Louisville volleyball legend Ron Kordes, whose KIVA club has set a high standard for girls club programs, happened to walk up to greet Goudy during his interview with Volleyball magazine and said he fully understood the growth problem.
“[At the Bluegrass tournament in Louisville] we literally had kids getting out of the cars on the highway ramps and running along the traffic to get into the game so they wouldn’t be late,” Kordes said, shaking his head. “The liability was phenomenal.”
Goudy: “Just think of the impact this event is having if on a Sunday morning at 7 o’clock you have a traffic jam on I-4. ... To me it’s inexcusable to have people sitting in traffic like that.”
Goudy added that it was probably time to have a traffic engineer from Orlando be on board for the planning process for future tournaments.
“That’s what they do for a living,” Goudy said. “I don’t claim to be a traffic expert.”
Accordingly, there was no visible support from the Orlando police, somewhat alarming considering the massive economic impact of the event and the potential safety hazards. Tourism experts figure volleyball travels 3-1, so if you consider 1,900 teams and 10 members per team, that would be 57,000 people plus officials (numbering well over 400) plus support staff. What’s more, spectators paid $52 admission apiece for the four-day session.
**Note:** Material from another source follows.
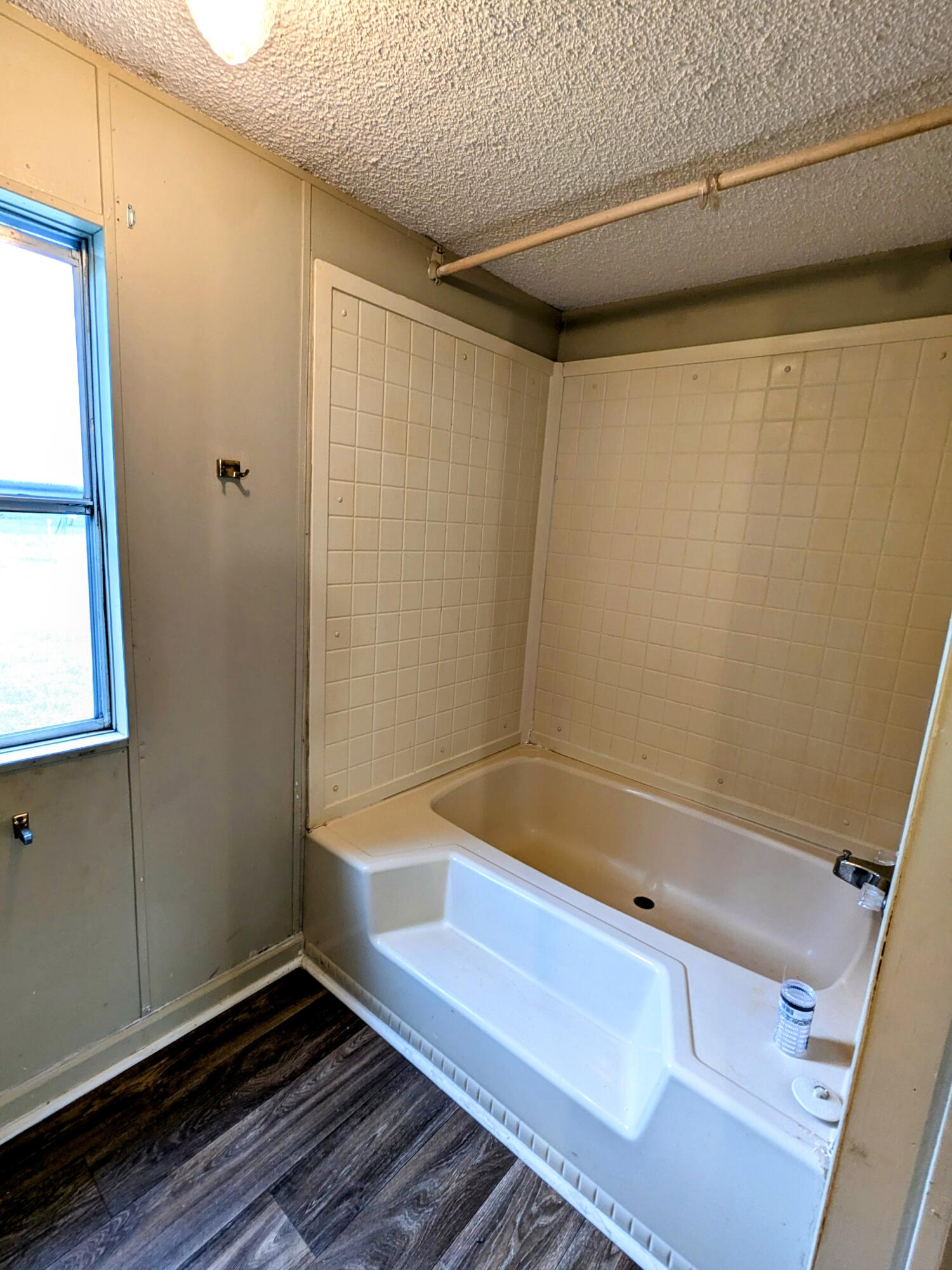 346 Veneer Street Elloree, SC 29047 - Photo 8 of 12 PXL_20240916_181439868~2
“We have to think about creating more divisions,” Goudy suggested. “We’re looking at the format of the tournament and if we should maybe extend the length of the tournament. This year we brought the 15s to the second wave and we did that because of convention center availability.
“Already for next year we’re working with those people now and the Central Florida Sports Commission, the head of the convention and visitor’s bureau to get the space locked in farther out. Disney is helping us on that.”
Inside the venues, volleyball seemed to go on smoothly, although it was quite a walk from one end of the OCCC to the other.
“There are some things we need to tweak and one of the things, and it’s something that’s never perfect in volleyball, and that’s seeding. We recognize that beauty is in the eye of the beholder. But there were some things this year we probably should have done better. And we’re gonna fix that.
“We’re going to meet in October with representatives from a lot of different organizations and invite people down here to Orlando and look at it. We want to continue to refine it. Part of the problem is when you have teams from Puerto Rico and teams that don’t play the other teams it’s not an exact science. That’s one of the reasons why on the first day we have three (teams from a pool) go up and one go down, because we want people to be able to stay in the event and be able to win this thing.”
When it was all said and done, champions were crowned and event could call itself a success, bigger than ever and very well attended by athletes and families alike.
“We’ll evaluate and make some judgments,” Goudy said. “Then again, I’m not averse to reducing the size of the tournament. We’d like to see it grow, but we want to maintain quality and we’ve said it all along: We want to have a quality event. On the other hand, I’m not going to say we’re perfect, because we certainly aren’t.”